Graham’s Best Moment: While Mads Mikkelsen certainly steals the show as the conniving and murderous Hannibal the Cannibal, Will Graham has many great moments as the dark and eerie sleuth of the series. In season one Graham manages to save a girl from her serial killer father, only to find later that the girl was really an accomplice to her dad’s gruesome murders. In season two, while imprisoned in a psychiatric ward after being framed by Hannibal, Graham convinces a psychotic orderly to try and assassinate Lecter. These are both great moments, but neither truly compares to the epic finale of the show, when Hannibal and Graham team up to take down a new serial killer – the Red Dragon. It’s a beautiful scene, with epically choreographed violence that acts as a poetic ending to the uncanny bromance the two characters have fostered.

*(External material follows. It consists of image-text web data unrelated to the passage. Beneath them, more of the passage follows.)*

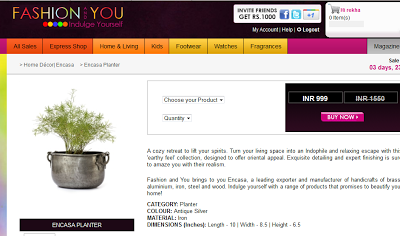 Metal Planter from Online Shopping @ Fashion and You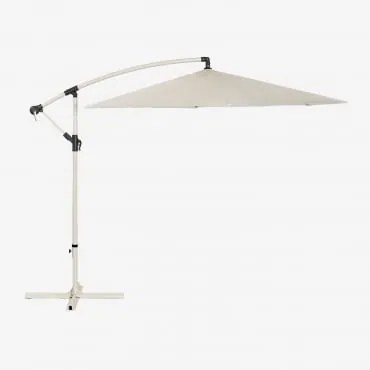Parasol Ø295 Cm Z Tkaniny I Stali Gerran Kremowa Tapioca - Sklum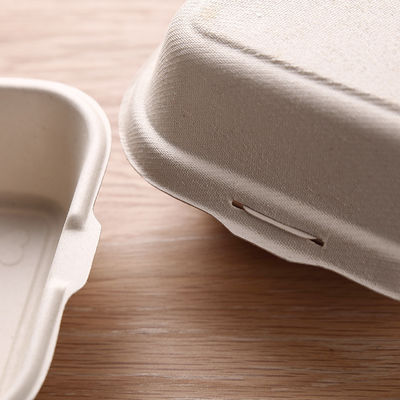 Нетоксическая Biodegradable раковина пульпы Tableware багассы 21g коробка бургера багассы 6 дюймов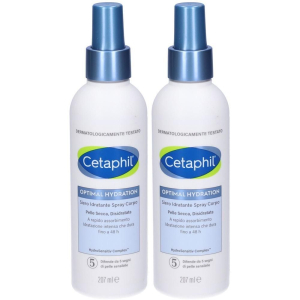 Cerca Prezzi di cetaphil optimal hydration siero idratante spray corpo 2x207 ml e acquista online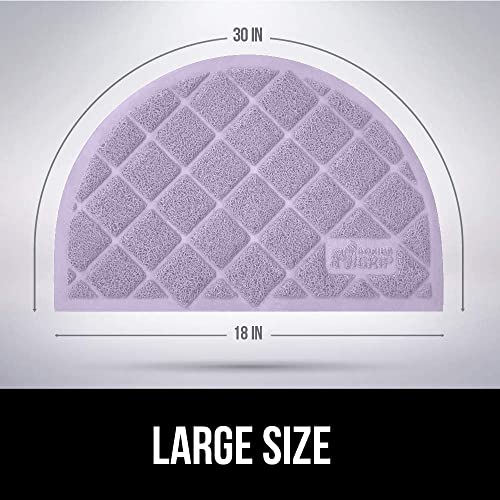 Gorilla Grip Thick Cat Litter Trapping Mat, 30x18, Less Waste, Traps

Mike Ehrmantraut, Breaking Bad/Better Call Saul
Arguably the only true antihero on this list, the character of Mike Ehrmantraut has the benefit of two different TV series to fully come into form. In his later years on Breaking Bad, further removed from his days as a cop in Philly, Mike is more of a hit man and fixer than a detective. Masterful when it comes to outthinking his foes, Mike is always calm and collected, as demonstrated by his cool demeanor when the audience first meets him in BB – cleaning up the scene of Jessie’s girlfriend’s overdose-death. Even though Mike plays for the bad guys, his intentions are pure and we know every misdeed is just a means to an end – help his granddaughter Kaylee grow up in a financially stable situation.
Ehrmantraut’s Best Moment: Mike’s got countless badass moments throughout the runs of both shows, not the least of which came during the season three finale of Breaking Bad, when Mike infiltrates a warehouse that is on lockdown but cartel hit men. Mike dispatches each of the assailants with precision and class in a James Bond-like performance. What could be his best sleuthing moment, however, comes in the first episode of season three of Saul, when Mike turns the tables on the men following him with a GPS – it’s neo-noir at its finest.